## Exercise objective
A complete, exact copy of the records is needed here.

## Source material
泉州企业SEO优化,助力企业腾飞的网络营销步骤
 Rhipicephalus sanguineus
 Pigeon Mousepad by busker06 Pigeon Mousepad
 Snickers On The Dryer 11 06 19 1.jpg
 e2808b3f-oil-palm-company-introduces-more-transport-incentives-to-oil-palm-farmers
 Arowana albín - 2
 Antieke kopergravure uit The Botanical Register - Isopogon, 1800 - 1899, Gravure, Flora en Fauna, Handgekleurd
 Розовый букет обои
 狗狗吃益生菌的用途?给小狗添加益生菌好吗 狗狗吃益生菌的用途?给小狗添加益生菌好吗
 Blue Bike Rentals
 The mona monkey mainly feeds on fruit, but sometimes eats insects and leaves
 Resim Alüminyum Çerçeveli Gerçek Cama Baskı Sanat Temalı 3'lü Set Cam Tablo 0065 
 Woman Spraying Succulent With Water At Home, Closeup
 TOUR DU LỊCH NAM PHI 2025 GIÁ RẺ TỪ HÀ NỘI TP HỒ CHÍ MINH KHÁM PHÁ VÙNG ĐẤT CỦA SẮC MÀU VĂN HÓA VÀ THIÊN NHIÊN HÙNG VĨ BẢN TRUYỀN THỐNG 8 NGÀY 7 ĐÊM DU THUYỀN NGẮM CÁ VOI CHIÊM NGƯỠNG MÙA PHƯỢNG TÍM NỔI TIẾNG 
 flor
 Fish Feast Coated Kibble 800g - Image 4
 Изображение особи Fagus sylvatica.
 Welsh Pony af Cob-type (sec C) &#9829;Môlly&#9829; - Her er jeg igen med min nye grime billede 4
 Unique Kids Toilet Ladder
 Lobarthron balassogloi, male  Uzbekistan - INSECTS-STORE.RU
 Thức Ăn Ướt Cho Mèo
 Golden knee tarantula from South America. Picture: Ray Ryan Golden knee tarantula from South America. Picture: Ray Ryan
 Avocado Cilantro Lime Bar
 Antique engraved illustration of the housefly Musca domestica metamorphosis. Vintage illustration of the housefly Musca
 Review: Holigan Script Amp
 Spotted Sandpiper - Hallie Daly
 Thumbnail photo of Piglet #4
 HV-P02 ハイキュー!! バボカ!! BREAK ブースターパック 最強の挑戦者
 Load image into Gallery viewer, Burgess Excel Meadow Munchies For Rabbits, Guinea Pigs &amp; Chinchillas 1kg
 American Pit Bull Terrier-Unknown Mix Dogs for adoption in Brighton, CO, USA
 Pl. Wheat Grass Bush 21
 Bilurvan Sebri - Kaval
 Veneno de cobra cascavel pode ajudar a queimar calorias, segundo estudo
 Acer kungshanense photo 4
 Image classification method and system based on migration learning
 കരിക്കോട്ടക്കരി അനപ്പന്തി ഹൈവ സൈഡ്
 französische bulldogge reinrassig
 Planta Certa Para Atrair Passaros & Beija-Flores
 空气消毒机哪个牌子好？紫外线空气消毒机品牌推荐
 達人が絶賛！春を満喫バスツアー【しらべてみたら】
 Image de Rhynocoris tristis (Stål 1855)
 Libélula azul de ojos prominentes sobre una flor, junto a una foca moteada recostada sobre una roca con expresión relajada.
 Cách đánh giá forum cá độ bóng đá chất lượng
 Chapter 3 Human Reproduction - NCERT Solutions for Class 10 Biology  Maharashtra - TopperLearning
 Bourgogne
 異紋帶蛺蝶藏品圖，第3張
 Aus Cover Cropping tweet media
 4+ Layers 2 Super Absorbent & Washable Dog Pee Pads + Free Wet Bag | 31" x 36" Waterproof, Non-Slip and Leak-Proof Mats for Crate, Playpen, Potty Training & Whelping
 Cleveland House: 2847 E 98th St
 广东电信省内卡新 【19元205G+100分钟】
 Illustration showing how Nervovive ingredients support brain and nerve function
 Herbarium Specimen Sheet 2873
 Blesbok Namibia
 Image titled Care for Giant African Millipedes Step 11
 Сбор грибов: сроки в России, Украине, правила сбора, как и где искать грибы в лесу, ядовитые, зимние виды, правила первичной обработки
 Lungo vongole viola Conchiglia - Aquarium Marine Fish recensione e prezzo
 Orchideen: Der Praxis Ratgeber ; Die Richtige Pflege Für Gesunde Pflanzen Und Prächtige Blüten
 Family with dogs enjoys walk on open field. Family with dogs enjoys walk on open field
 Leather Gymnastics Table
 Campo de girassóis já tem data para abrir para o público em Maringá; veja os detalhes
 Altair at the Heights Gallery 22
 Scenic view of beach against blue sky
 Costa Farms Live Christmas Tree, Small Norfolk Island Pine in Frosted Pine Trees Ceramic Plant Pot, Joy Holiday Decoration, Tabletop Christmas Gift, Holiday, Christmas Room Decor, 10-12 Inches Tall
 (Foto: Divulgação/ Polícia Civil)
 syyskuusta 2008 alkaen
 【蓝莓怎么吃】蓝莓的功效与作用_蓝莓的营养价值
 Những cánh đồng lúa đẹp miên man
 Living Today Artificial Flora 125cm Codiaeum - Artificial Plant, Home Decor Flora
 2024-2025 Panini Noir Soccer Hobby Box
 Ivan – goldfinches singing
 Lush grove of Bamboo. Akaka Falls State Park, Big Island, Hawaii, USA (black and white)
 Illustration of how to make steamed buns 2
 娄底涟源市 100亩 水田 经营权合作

## Answer below
泉州企业SEO优化,助力企业腾飞的网络营销步骤
 Rhipicephalus sanguineus
 Pigeon Mousepad by busker06 Pigeon Mousepad
 Snickers On The Dryer 11 06 19 1.jpg
 e2808b3f-oil-palm-company-introduces-more-transport-incentives-to-oil-palm-farmers
 Arowana albín - 2
 Antieke kopergravure uit The Botanical Register - Isopogon, 1800 - 1899, Gravure, Flora en Fauna, Handgekleurd
 Розовый букет обои
 狗狗吃益生菌的用途?给小狗添加益生菌好吗 狗狗吃益生菌的用途?给小狗添加益生菌好吗
 Blue Bike Rentals
 The mona monkey mainly feeds on fruit, but sometimes eats insects and leaves
 Resim Alüminyum Çerçeveli Gerçek Cama Baskı Sanat Temalı 3'lü Set Cam Tablo 0065 
 Woman Spraying Succulent With Water At Home, Closeup
 TOUR DU LỊCH NAM PHI 2025 GIÁ RẺ TỪ HÀ NỘI TP HỒ CHÍ MINH KHÁM PHÁ VÙNG ĐẤT CỦA SẮC MÀU VĂN HÓA VÀ THIÊN NHIÊN HÙNG VĨ BẢN TRUYỀN THỐNG 8 NGÀY 7 ĐÊM DU THUYỀN NGẮM CÁ VOI CHIÊM NGƯỠNG MÙA PHƯỢNG TÍM NỔI TIẾNG 
 flor
 Fish Feast Coated Kibble 800g - Image 4
 Изображение особи Fagus sylvatica.
 Welsh Pony af Cob-type (sec C) &#9829;Môlly&#9829; - Her er jeg igen med min nye grime billede 4
 Unique Kids Toilet Ladder
 Lobarthron balassogloi, male  Uzbekistan - INSECTS-STORE.RU
 Thức Ăn Ướt Cho Mèo
 Golden knee tarantula from South America. Picture: Ray Ryan Golden knee tarantula from South America. Picture: Ray Ryan
 Avocado Cilantro Lime Bar
 Antique engraved illustration of the housefly Musca domestica metamorphosis. Vintage illustration of the housefly Musca
 Review: Holigan Script Amp
 Spotted Sandpiper - Hallie Daly
 Thumbnail photo of Piglet #4
 HV-P02 ハイキュー!! バボカ!! BREAK ブースターパック 最強の挑戦者
 Load image into Gallery viewer, Burgess Excel Meadow Munchies For Rabbits, Guinea Pigs &amp; Chinchillas 1kg
 American Pit Bull Terrier-Unknown Mix Dogs for adoption in Brighton, CO, USA
 Pl. Wheat Grass Bush 21
 Bilurvan Sebri - Kaval
 Veneno de cobra cascavel pode ajudar a queimar calorias, segundo estudo
 Acer kungshanense photo 4
 Image classification method and system based on migration learning
 കരിക്കോട്ടക്കരി അനപ്പന്തി ഹൈവ സൈഡ്
 französische bulldogge reinrassig
 Planta Certa Para Atrair Passaros & Beija-Flores
 空气消毒机哪个牌子好？紫外线空气消毒机品牌推荐
 達人が絶賛！春を満喫バスツアー【しらべてみたら】
 Image de Rhynocoris tristis (Stål 1855)
 Libélula azul de ojos prominentes sobre una flor, junto a una foca moteada recostada sobre una roca con expresión relajada.
 Cách đánh giá forum cá độ bóng đá chất lượng
 Chapter 3 Human Reproduction - NCERT Solutions for Class 10 Biology  Maharashtra - TopperLearning
 Bourgogne
 異紋帶蛺蝶藏品圖，第3張
 Aus Cover Cropping tweet media
 4+ Layers 2 Super Absorbent & Washable Dog Pee Pads + Free Wet Bag | 31" x 36" Waterproof, Non-Slip and Leak-Proof Mats for Crate, Playpen, Potty Training & Whelping
 Cleveland House: 2847 E 98th St
 广东电信省内卡新 【19元205G+100分钟】
 Illustration showing how Nervovive ingredients support brain and nerve function
 Herbarium Specimen Sheet 2873
 Blesbok Namibia
 Image titled Care for Giant African Millipedes Step 11
 Сбор грибов: сроки в России, Украине, правила сбора, как и где искать грибы в лесу, ядовитые, зимние виды, правила первичной обработки
 Lungo vongole viola Conchiglia - Aquarium Marine Fish recensione e prezzo
 Orchideen: Der Praxis Ratgeber ; Die Richtige Pflege Für Gesunde Pflanzen Und Prächtige Blüten
 Family with dogs enjoys walk on open field. Family with dogs enjoys walk on open field
 Leather Gymnastics Table
 Campo de girassóis já tem data para abrir para o público em Maringá; veja os detalhes
 Altair at the Heights Gallery 22
 Scenic view of beach against blue sky
 Costa Farms Live Christmas Tree, Small Norfolk Island Pine in Frosted Pine Trees Ceramic Plant Pot, Joy Holiday Decoration, Tabletop Christmas Gift, Holiday, Christmas Room Decor, 10-12 Inches Tall
 (Foto: Divulgação/ Polícia Civil)
 syyskuusta 2008 alkaen
 【蓝莓怎么吃】蓝莓的功效与作用_蓝莓的营养价值
 Những cánh đồng lúa đẹp miên man
 Living Today Artificial Flora 125cm Codiaeum - Artificial Plant, Home Decor Flora
 2024-2025 Panini Noir Soccer Hobby Box
 Ivan – goldfinches singing
 Lush grove of Bamboo. Akaka Falls State Park, Big Island, Hawaii, USA (black and white)
 Illustration of how to make steamed buns 2
 娄底涟源市 100亩 水田 经营权合作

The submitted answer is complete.